■ EXERCISE DESCRIPTION:
Exactly as written, print the lines from the top of the listing through the line containing "Used 2023 Hyundai"; include no pictures.

■ RECORDS SHOWN:
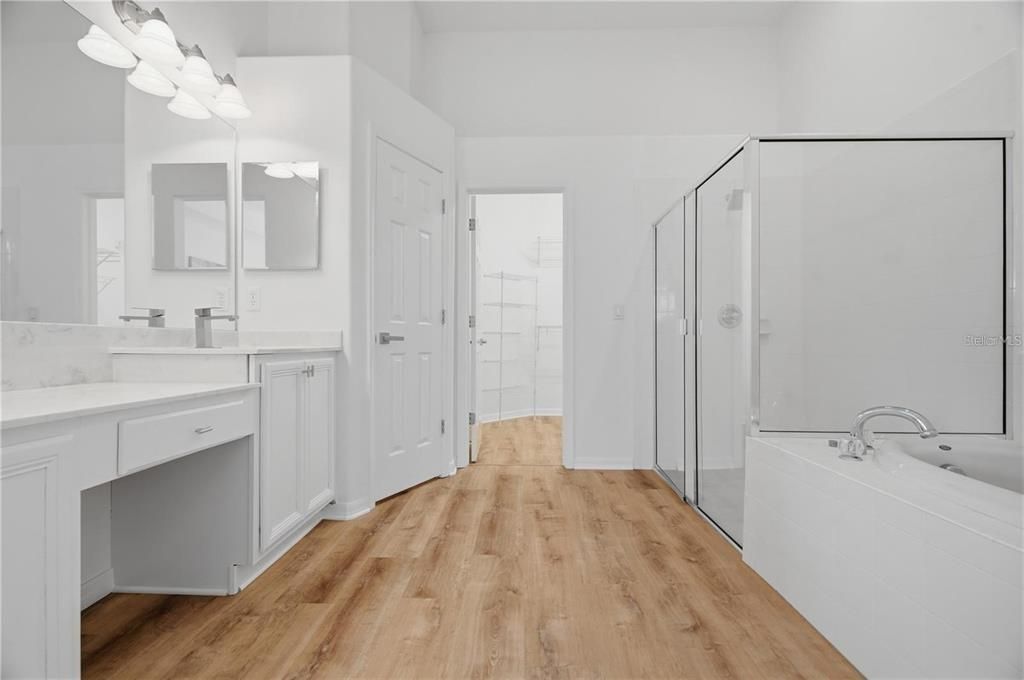 На продажу: $389,900 (2 спален, 2 ванн, 1673 Квадратных фут)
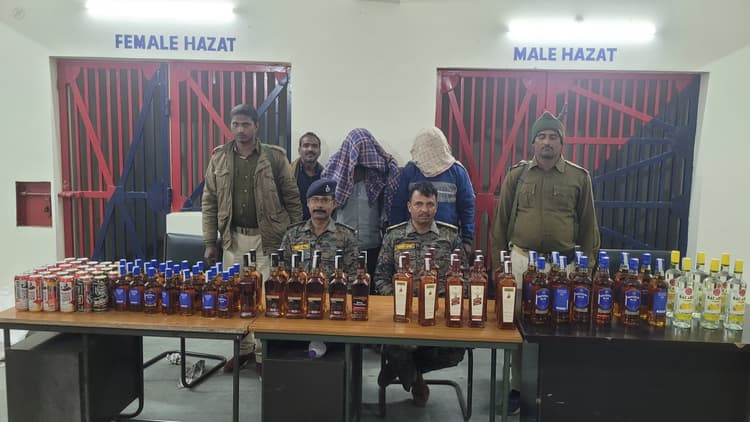 नोनगढ़ चेक पोस्ट से 55 लीटर शराब के साथ दो तस्कर गिरफ्तार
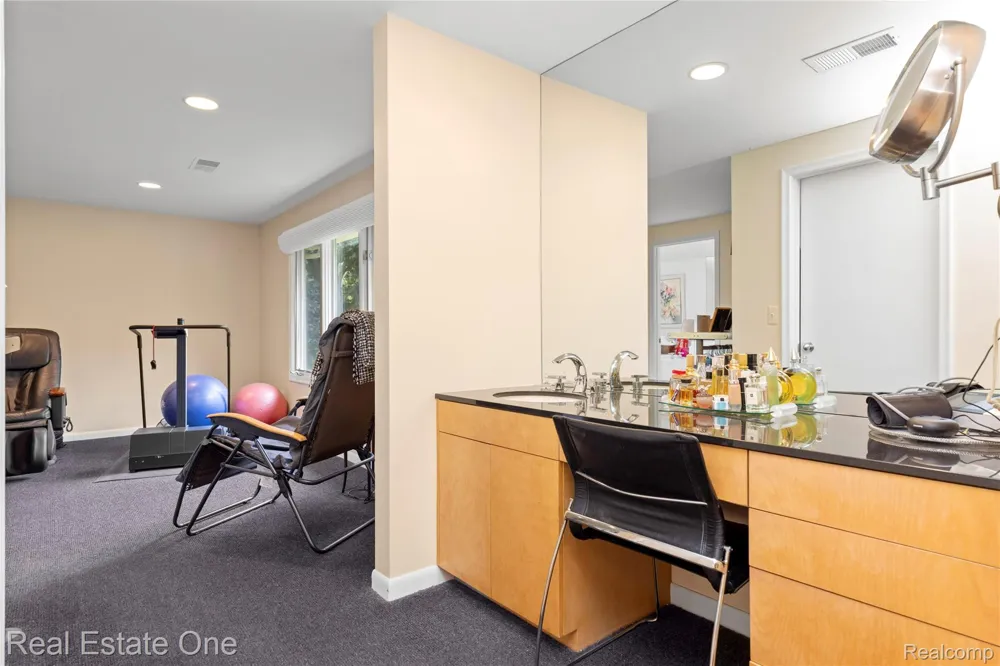3205 Parkland Drive West Bloomfield Charter Township, MI 48322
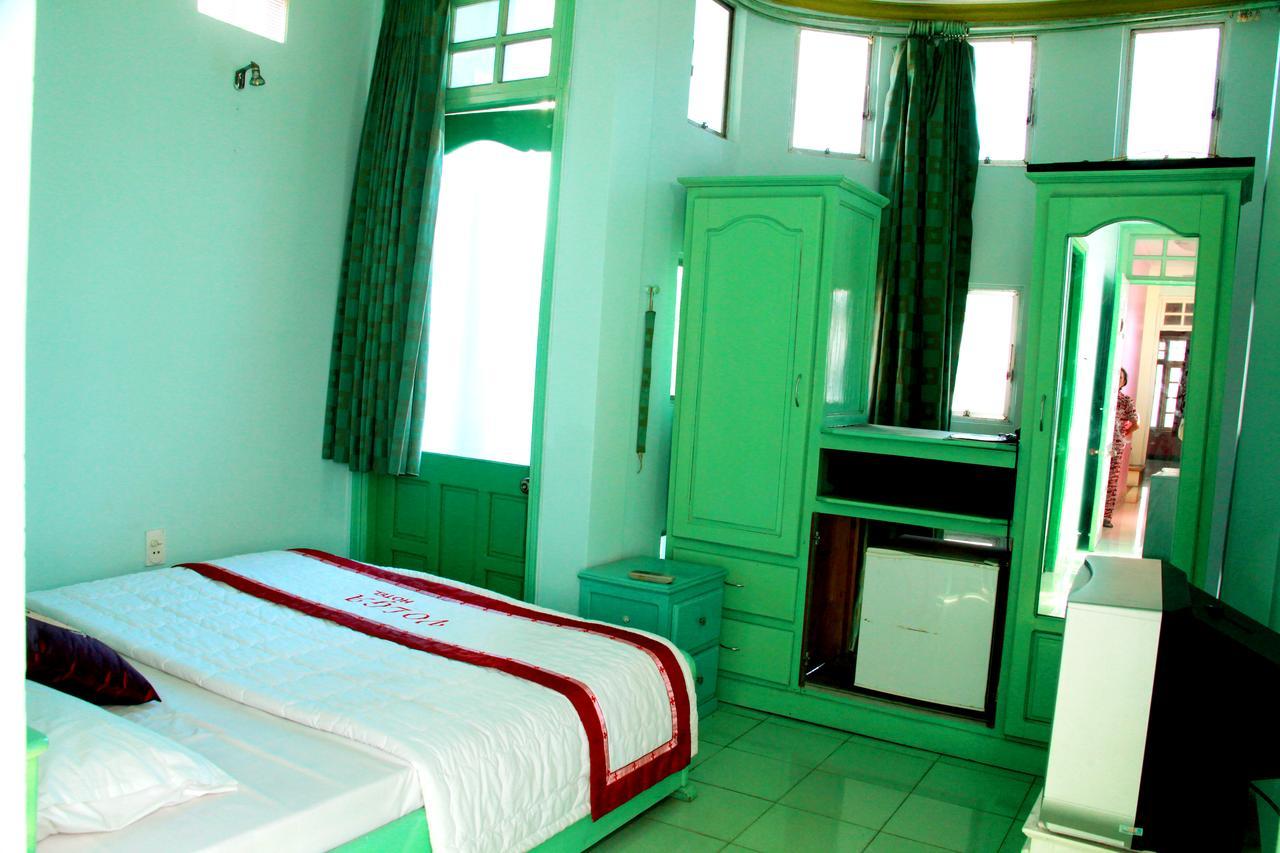 Volga Hotel Hue Esterno foto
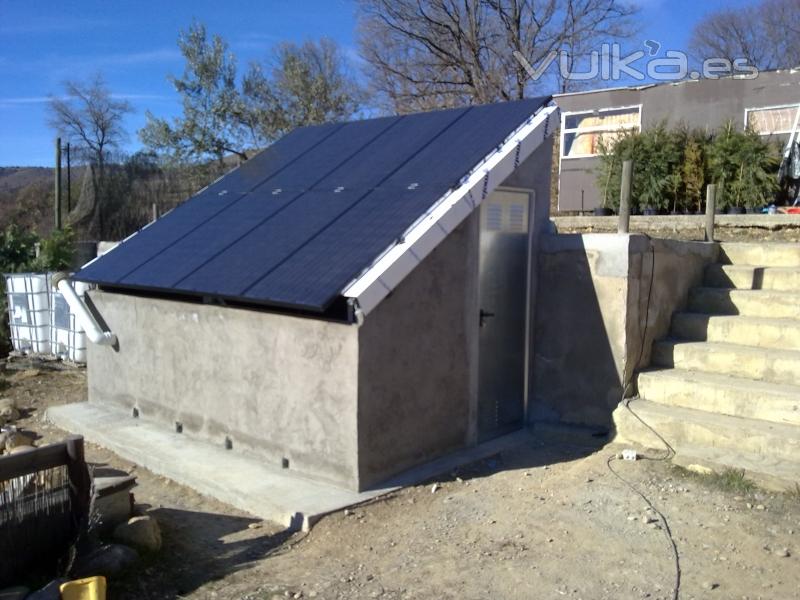 Instalacin SOLAR fotovoltaica aislada de la red UNIVERSAL ENERGY en Huesca 2011
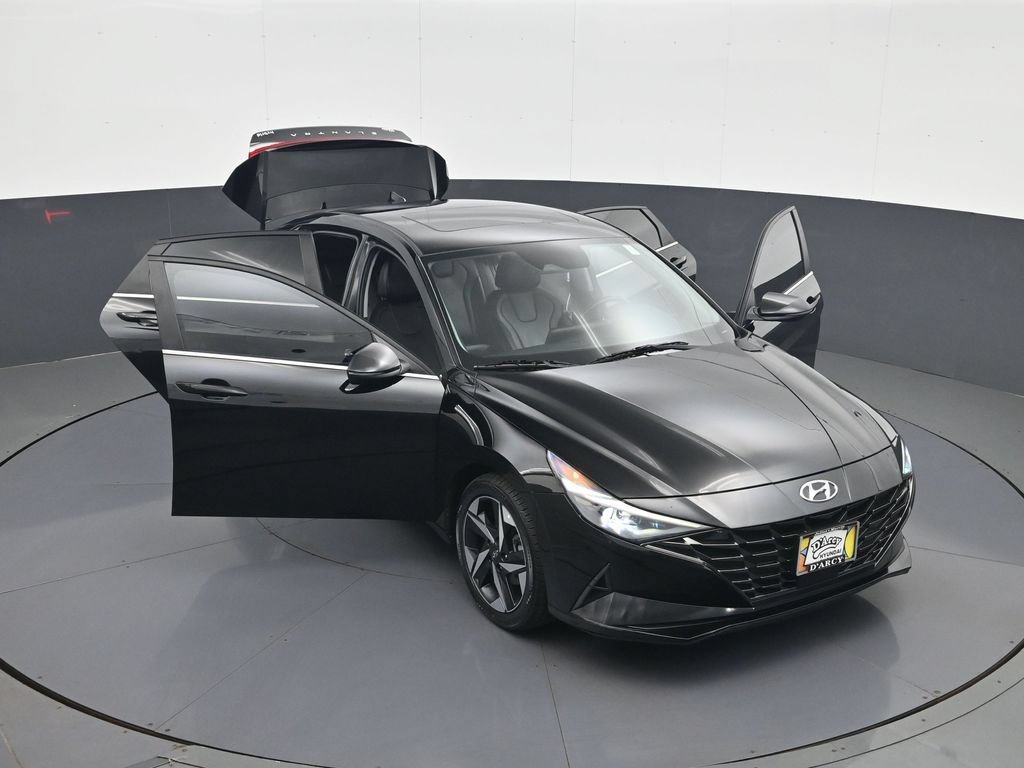 Used 2023 Hyundai Elantra Limited w/ Cargo Package FWD image 31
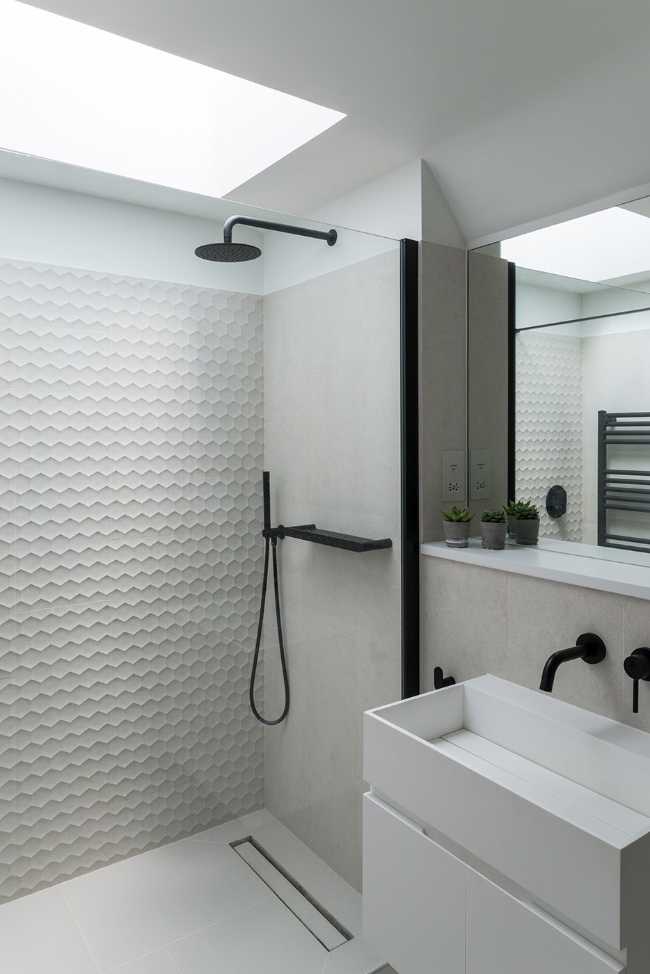 Long Brick House. Une boîte de briques en pierre reliée à la structure préexistante par un couloir vitré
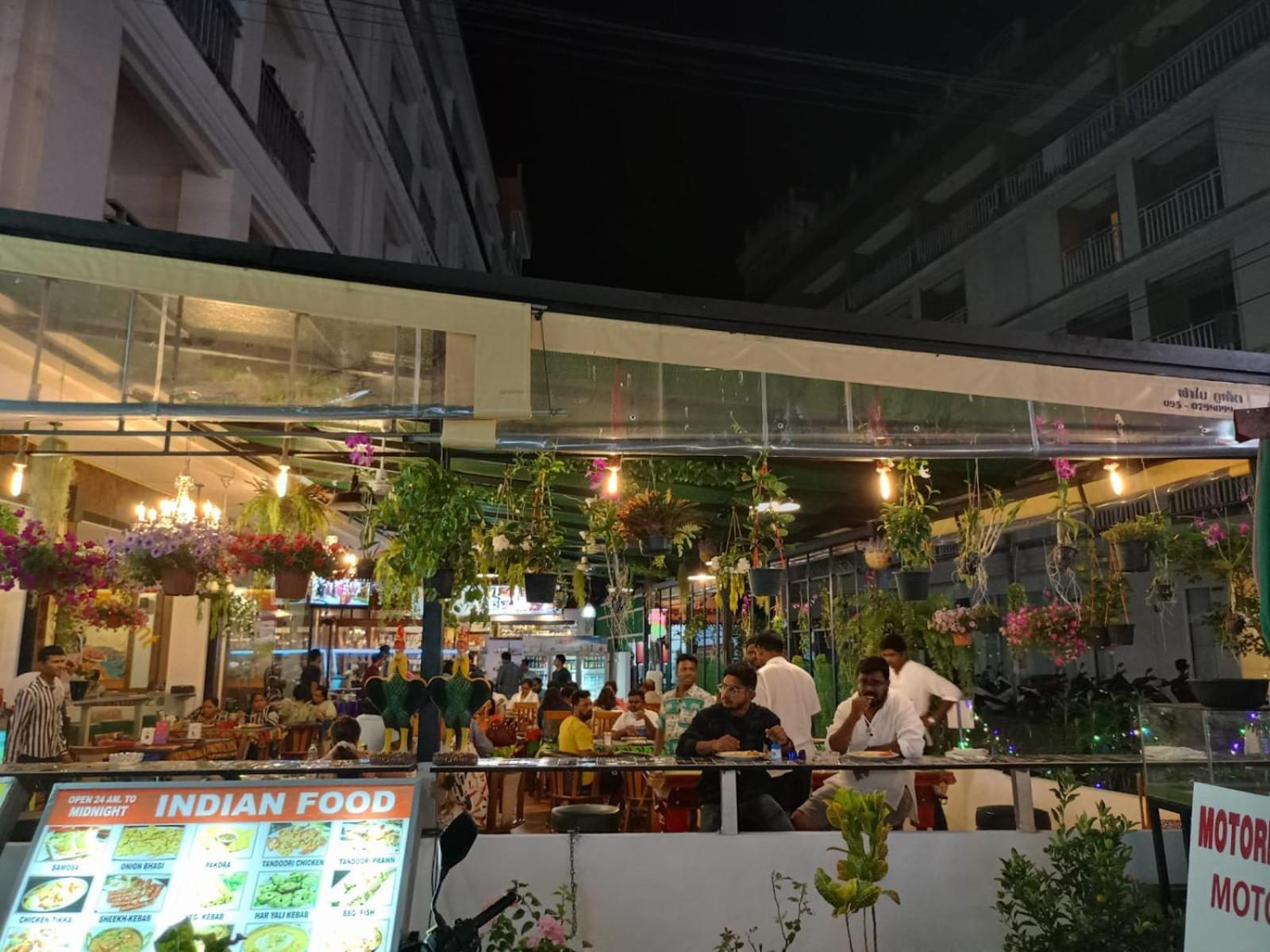 Garden Phuket Hotel Patong Kültér fotó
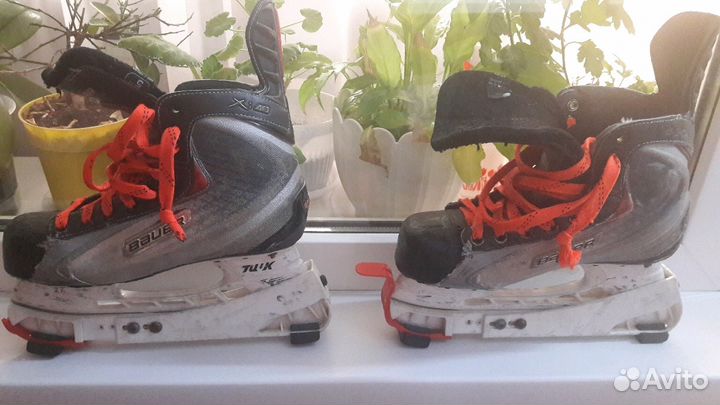 Коньки хоккейные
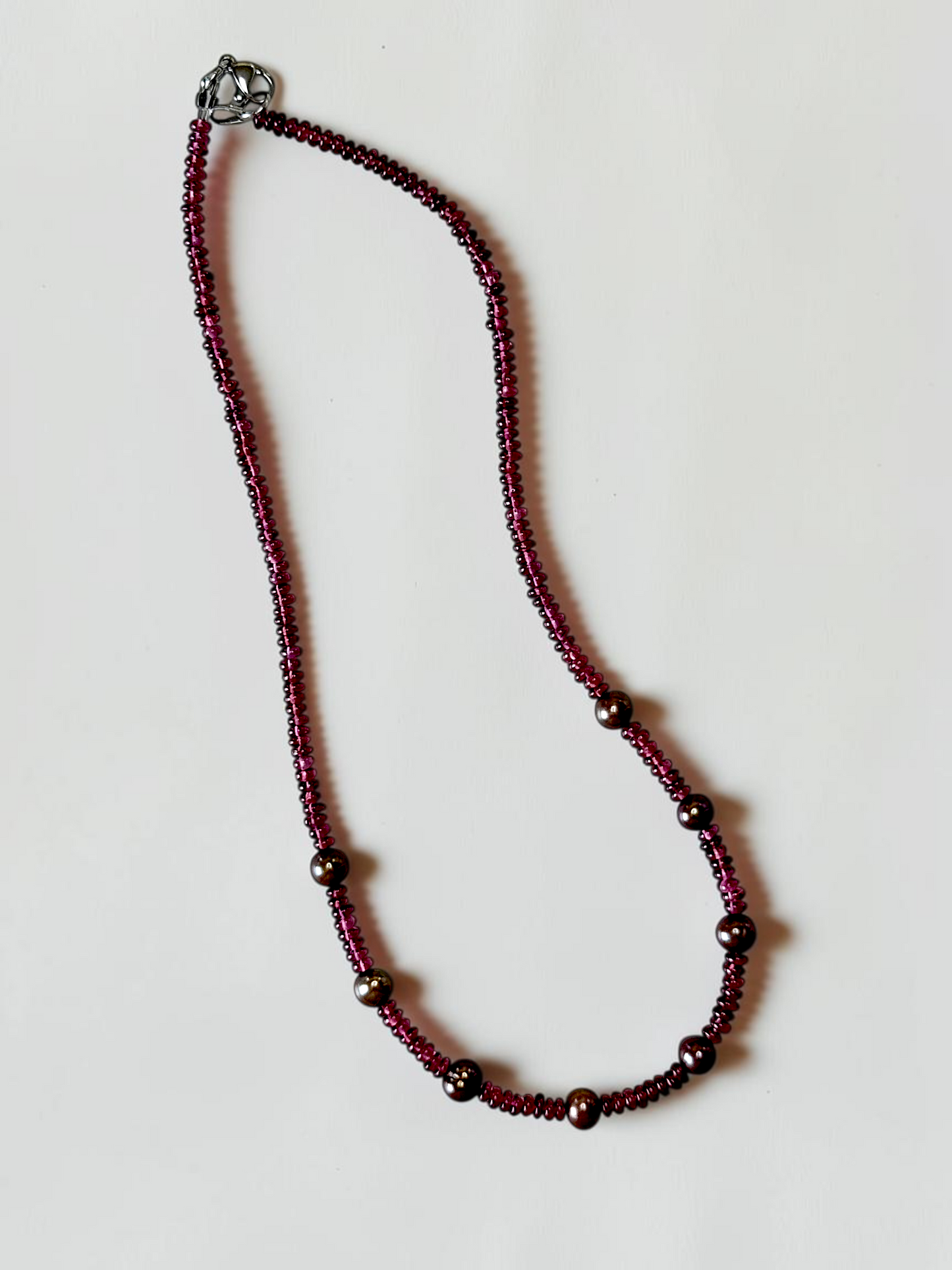 Collier Grenat Rhodolite & Perles d’eau douce — La passion silencieuse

■ ANSWER FOR THE TASK:
 На продажу: $389,900 (2 спален, 2 ванн, 1673 Квадратных фут)
 नोनगढ़ चेक पोस्ट से 55 लीटर शराब के साथ दो तस्कर गिरफ्तार
3205 Parkland Drive West Bloomfield Charter Township, MI 48322
 Volga Hotel Hue Esterno foto
 Instalacin SOLAR fotovoltaica aislada de la red UNIVERSAL ENERGY en Huesca 2011
 Used 2023 Hyundai Elantra Limited w/ Cargo Package FWD image 31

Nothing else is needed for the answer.